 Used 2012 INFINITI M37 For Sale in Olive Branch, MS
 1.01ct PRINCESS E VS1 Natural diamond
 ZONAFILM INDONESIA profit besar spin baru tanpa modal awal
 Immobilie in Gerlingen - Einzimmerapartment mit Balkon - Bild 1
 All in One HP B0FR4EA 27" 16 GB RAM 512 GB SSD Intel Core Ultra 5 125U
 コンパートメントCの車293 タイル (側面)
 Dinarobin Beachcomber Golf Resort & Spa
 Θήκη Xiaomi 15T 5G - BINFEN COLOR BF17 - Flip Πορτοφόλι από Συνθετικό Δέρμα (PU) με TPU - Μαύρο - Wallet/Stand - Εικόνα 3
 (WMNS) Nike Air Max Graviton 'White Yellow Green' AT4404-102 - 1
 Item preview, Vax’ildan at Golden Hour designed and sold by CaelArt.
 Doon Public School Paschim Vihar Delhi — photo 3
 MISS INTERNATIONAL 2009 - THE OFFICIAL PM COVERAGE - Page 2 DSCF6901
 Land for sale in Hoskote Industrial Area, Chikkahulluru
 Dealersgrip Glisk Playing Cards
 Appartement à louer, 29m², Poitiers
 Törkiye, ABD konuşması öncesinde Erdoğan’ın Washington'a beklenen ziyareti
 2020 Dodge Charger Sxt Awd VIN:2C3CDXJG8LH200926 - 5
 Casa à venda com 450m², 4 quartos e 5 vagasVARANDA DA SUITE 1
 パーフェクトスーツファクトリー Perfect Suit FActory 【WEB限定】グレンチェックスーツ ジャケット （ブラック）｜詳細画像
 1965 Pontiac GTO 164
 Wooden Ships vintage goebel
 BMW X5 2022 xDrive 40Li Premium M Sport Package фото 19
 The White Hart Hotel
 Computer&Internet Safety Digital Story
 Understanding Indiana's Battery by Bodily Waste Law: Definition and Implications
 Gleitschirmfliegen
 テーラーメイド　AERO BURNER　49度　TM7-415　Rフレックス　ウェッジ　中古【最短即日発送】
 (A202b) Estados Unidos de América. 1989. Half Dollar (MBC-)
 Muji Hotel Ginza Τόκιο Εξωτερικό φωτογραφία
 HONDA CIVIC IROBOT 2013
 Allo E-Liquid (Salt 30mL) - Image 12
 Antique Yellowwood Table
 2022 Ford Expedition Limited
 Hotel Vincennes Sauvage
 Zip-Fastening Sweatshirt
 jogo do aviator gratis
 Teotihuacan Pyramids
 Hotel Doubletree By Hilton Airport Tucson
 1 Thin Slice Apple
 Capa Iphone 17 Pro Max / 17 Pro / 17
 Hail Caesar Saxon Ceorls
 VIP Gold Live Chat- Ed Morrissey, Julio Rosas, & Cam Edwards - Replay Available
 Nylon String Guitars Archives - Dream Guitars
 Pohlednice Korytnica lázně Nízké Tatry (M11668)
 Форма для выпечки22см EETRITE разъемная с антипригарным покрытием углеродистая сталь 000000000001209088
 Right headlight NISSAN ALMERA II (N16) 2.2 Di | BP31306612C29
-------
» Task instructions
Give only the number of lines above that hold the string "White".

» Answer for this exercise
2